The work continues and today scientists are preparing to test Vitamin-A-enhanced bananas that, if successful, will be grown by farmers in Uganda and be a primary tool in reducing infant deaths and blindness.
Time Magazine recently included this discovery as one of its 25 Best Inventions of 2014. “These bananas could potentially solve a major health problem,” (James) Dale, an Australian biogeneticist told Time. While some Americans question this newest use of technology in agriculture, mothers across sub-Sahara Africa will look to these simple bananas as a life-saving solution for their babies and children.
Technology isn’t just being used to enhance products, researchers at Kansas State University are participating in the federal Feed the Future initiative, which aims to remove the hurdles to common production issues in third-world countries. Technology is the driver of the solutions but sometimes the research leads to low-tech outcomes, like using insects to do work that chemicals or machines might have done.

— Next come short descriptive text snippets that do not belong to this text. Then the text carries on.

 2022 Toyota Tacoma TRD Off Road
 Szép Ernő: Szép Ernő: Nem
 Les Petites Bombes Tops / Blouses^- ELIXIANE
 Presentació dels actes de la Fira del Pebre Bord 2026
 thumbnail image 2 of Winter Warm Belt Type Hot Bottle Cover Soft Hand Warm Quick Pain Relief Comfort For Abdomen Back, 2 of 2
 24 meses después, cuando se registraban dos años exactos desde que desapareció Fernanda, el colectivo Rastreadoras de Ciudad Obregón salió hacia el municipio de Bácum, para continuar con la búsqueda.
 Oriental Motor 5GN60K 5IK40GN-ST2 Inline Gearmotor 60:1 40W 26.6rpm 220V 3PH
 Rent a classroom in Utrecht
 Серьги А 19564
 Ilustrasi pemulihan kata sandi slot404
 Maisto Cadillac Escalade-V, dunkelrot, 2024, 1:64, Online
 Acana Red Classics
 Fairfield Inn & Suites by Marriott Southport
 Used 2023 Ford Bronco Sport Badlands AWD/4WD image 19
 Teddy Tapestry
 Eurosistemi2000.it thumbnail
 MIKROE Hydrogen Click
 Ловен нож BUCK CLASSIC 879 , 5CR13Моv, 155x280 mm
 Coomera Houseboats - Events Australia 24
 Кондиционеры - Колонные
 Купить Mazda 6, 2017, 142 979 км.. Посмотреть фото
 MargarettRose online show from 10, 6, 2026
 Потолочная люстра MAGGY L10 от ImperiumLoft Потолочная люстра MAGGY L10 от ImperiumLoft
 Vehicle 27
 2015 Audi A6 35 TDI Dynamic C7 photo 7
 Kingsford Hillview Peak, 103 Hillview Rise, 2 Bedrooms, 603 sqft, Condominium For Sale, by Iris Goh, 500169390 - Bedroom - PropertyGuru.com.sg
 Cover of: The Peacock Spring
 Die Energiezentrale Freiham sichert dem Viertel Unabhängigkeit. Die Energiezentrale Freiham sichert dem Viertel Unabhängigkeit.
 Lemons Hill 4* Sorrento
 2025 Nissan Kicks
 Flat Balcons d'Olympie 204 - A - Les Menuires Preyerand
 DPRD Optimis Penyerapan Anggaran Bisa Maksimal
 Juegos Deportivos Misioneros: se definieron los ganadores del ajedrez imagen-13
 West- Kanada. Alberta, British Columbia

The marriage of technology and agriculture has done more than create GMO crops, it has delivered life-saving products and solutions that feed and nourish millions across the globe. If the agriculture industry looses the ability to insert technology into the equation, the result will be a world with more sick, hungry and malnourish people. When consumers and organizations advocate for the end of technology in food production they are essentially removing a valuable tool for saving lives and filling plates this holiday season.